Нетрудно было догадаться, что это судно предназначалось для какой-то особой миссии. Действительно, на него только что сел человек, который, как по всему было видно, пускался в какое-то приключение. Это был старик высокого роста, крепко сложенный, державшийся прямо, со строгим лицом, по которому было бы трудно определить возраст этого человека, так как оно казалось одновременно и старым и молодым; один из тех людей, у которых за спиною много лет, но которые еще полны силы, волосы которых седы, но глаза блестят юношеским огнем, которым, судя по их бодрости, можно дать сорок лет, а судя по их почтенному виду – и все восемьдесят. В то время, как он поднимался на корвет, его морской плащ распахнулся, и из-под него показались широкие шаровары, высокие ботфорты и куртка из козьей шкуры, шерстью внутрь, обшитая позументом, – словом, полный костюм бретонского крестьянина. Эти бретонские куртки имели двоякое назначение, служили в одно и то же время и будничным, и праздничным костюмом и могли, по желанию, выворачиваться или мехом или кожей кверху – в первом случае для будней, во втором – для праздников. Крестьянская одежда, бывшая на этом старике, как бы для большего сходства с действительностью, была потерта на локтях и на коленях и, по-видимому, уже достаточно поношена, а плащ из грубой материи завершал облик простого рыбака. Голову старика покрывала модная в то время широкополая и высокая шляпа, которая, когда поля ее были опущены, напоминала шляпы земледельцев, а с приподнятыми полями и пристегнутой к тулье петлицей с кокардой напоминала военный головной убор. В данную минуту шляпа на старике была надета по-крестьянски, без петлицы и кокарды.

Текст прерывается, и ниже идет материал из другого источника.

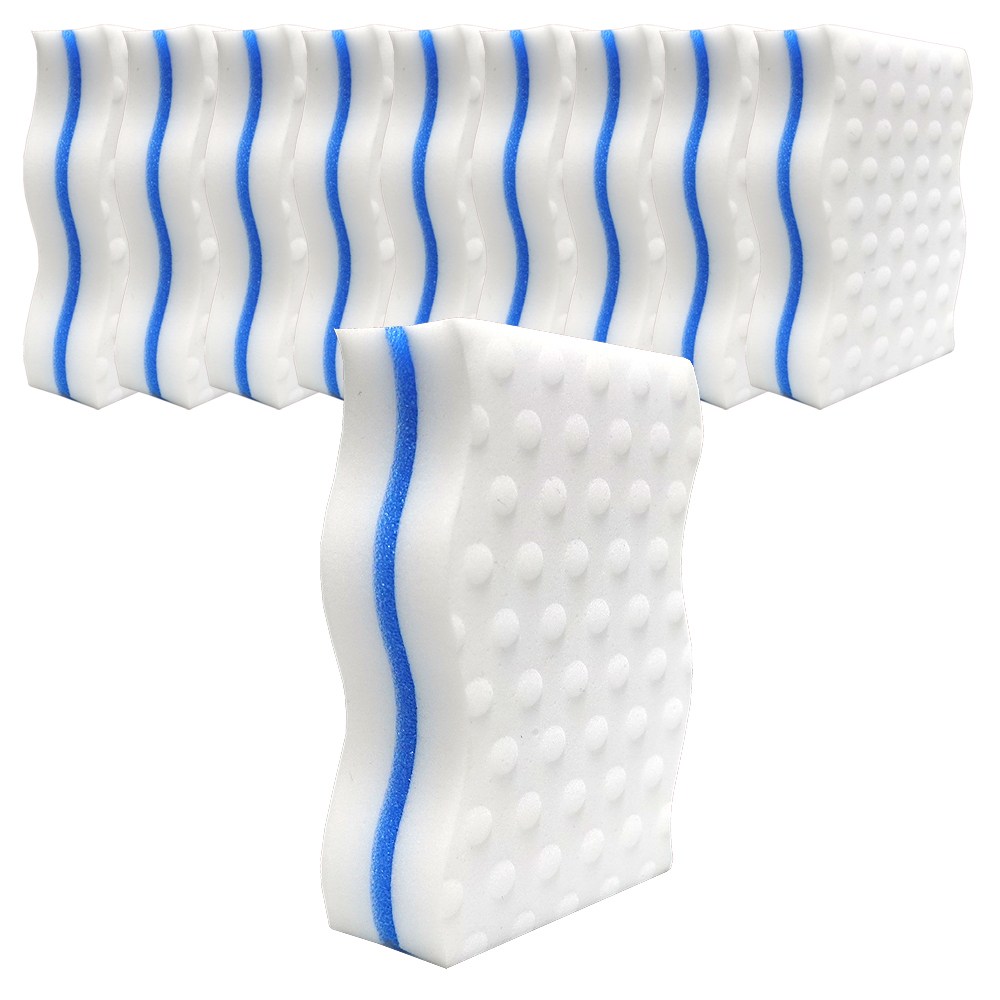 미소진몰 오래쓰는 나노 매직크리너, 20개 17,000원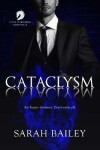 Book cover for Cataclysm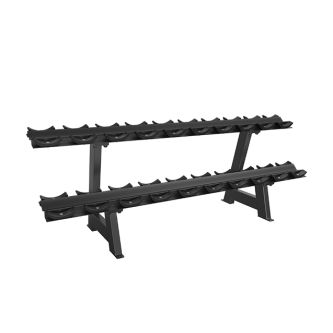     Svensson Industrial E3077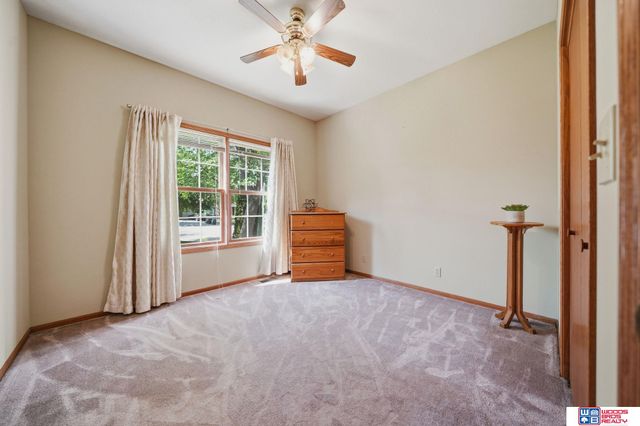 2250 Trevor Court, Lincoln, NE 68512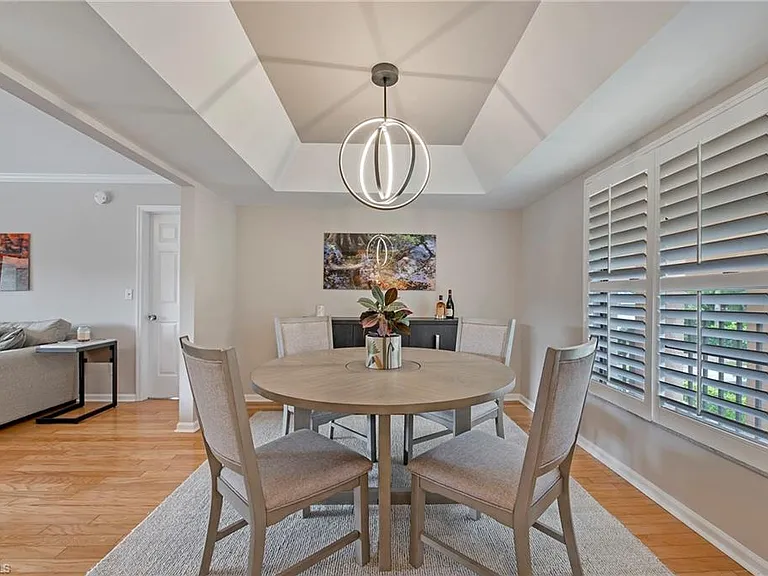 722 10th Ave S #A201 — Photo 13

Губернатор Джерсея, лорд Балькаррас, и герцог Латур д’Овернь лично проводили его на корвет и водворили его на нем.

Доверенное лицо эмигрантской знати Желамбр, бывший адъютант графа д’Артуа, сам наблюдал за устройством его каюты и довел свою почтительность и заботливость до того, что нес за стариком его чемодан, хотя сам был природный дворянин. Расставаясь с этим стариком, чтобы вернуться на берег, Желамбр отвесил ему низкий поклон. Лорд Балькаррас сказал ему: «Желаю вам успеха, генерал», а герцог Латур д’Овернь обратился к нему со словами: «До свидания, кузен».